%%

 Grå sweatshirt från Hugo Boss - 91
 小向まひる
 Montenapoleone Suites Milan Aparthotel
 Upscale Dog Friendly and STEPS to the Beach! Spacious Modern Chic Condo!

%%
%%

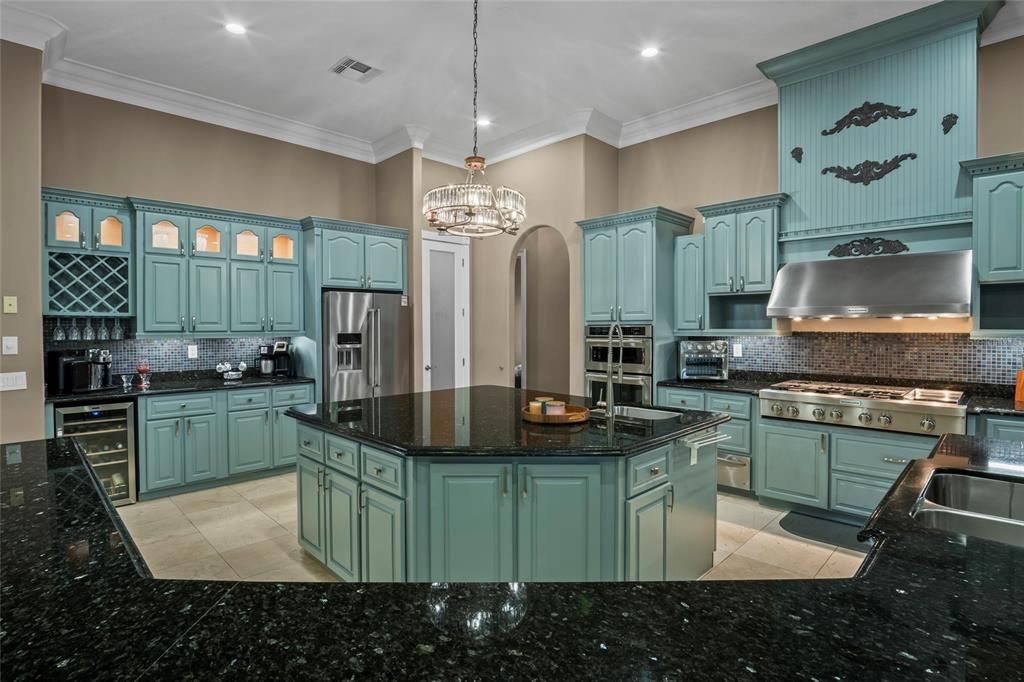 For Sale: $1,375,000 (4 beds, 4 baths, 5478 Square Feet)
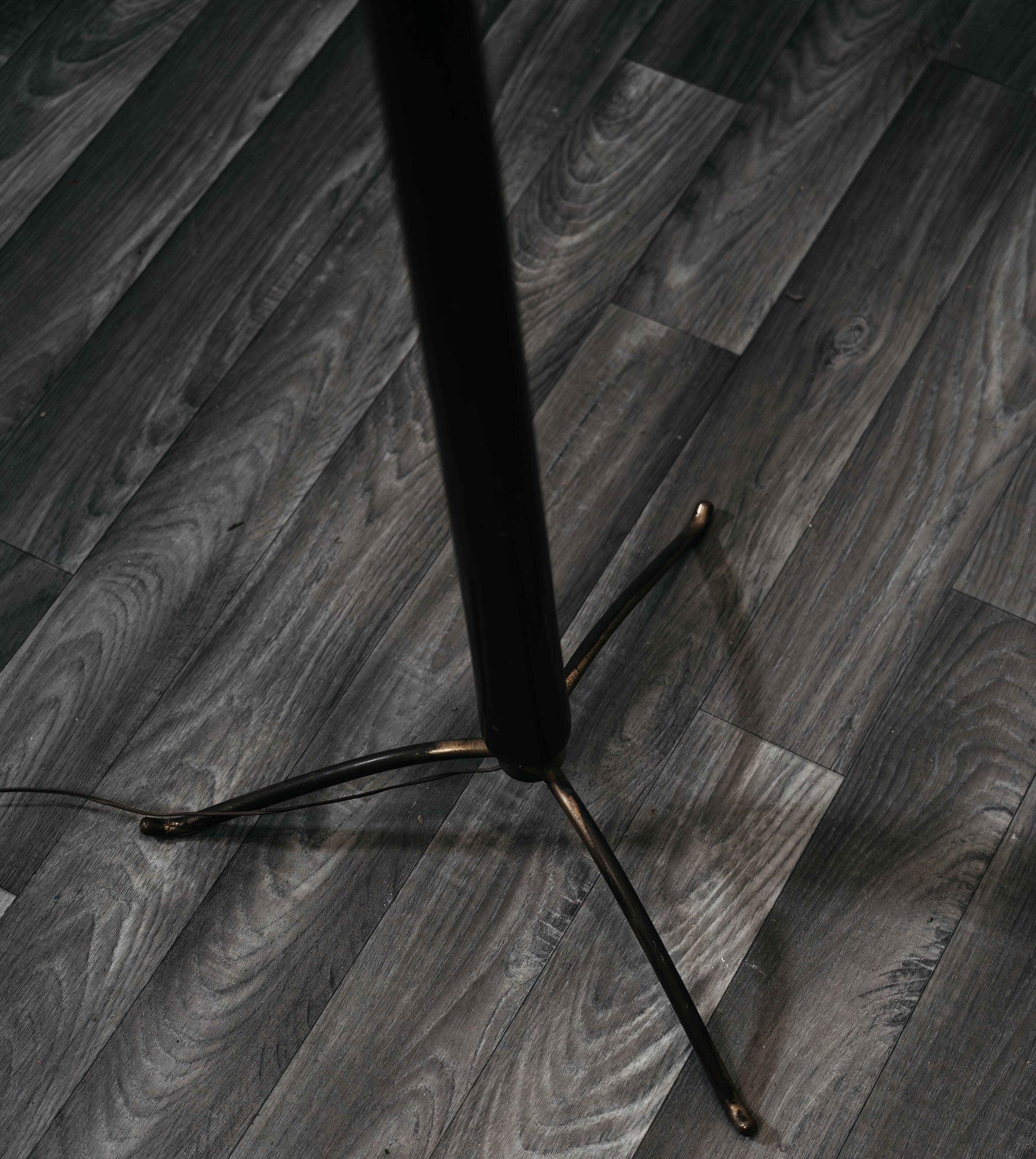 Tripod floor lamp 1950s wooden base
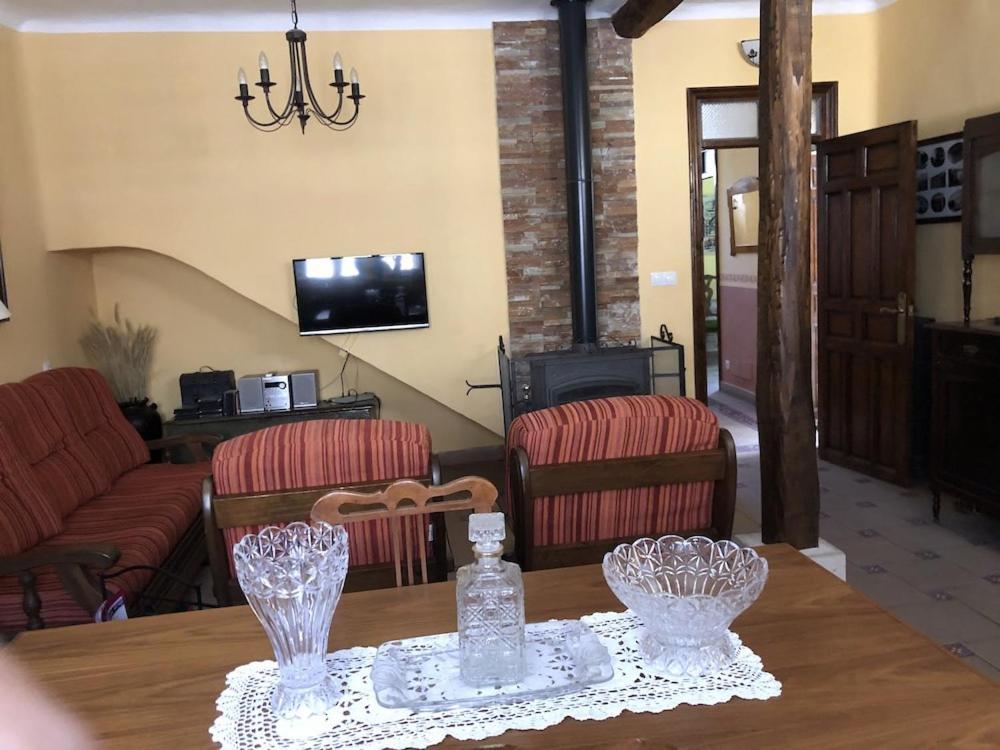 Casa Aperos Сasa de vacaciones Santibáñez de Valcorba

%%
%%

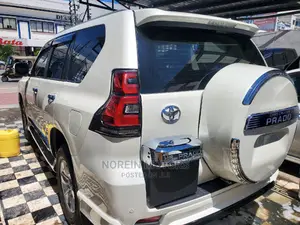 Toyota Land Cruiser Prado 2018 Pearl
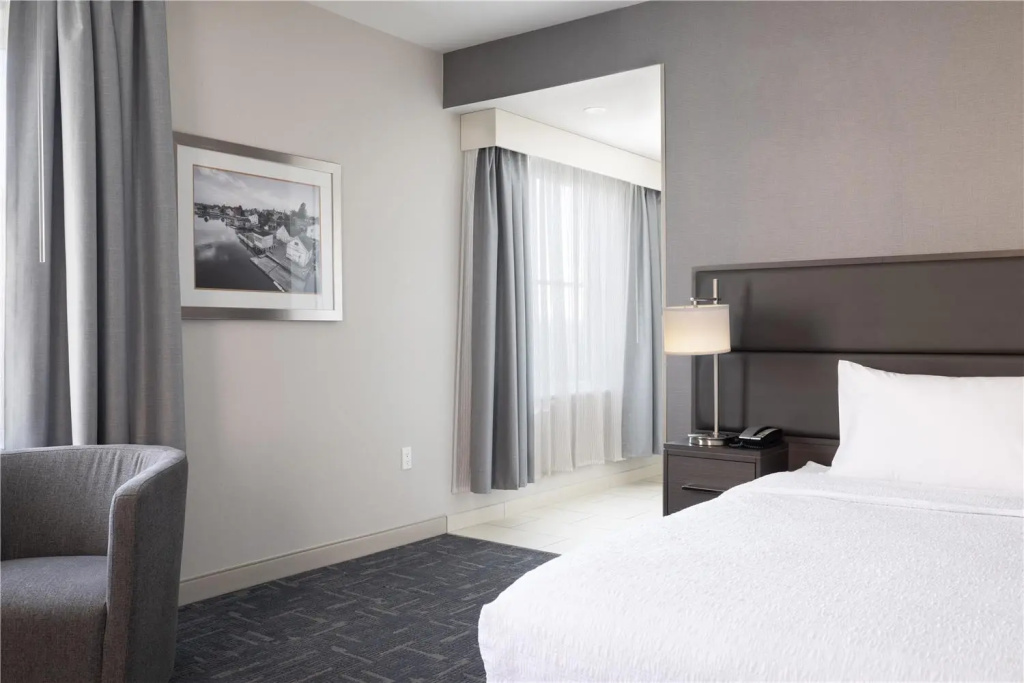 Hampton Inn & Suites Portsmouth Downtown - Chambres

%%

#### TASK PROMPT:
Starting at the line that contains "Grå sweatshirt från Hugo Boss - 91" and stopping after the line that contains "Upscale Dog Friendly", write out every line exactly as it appears above, and no other line.

#### OUTPUT FOR THIS EXERCISE:
 Grå sweatshirt från Hugo Boss - 91
 小向まひる
 Montenapoleone Suites Milan Aparthotel
 Upscale Dog Friendly and STEPS to the Beach! Spacious Modern Chic Condo!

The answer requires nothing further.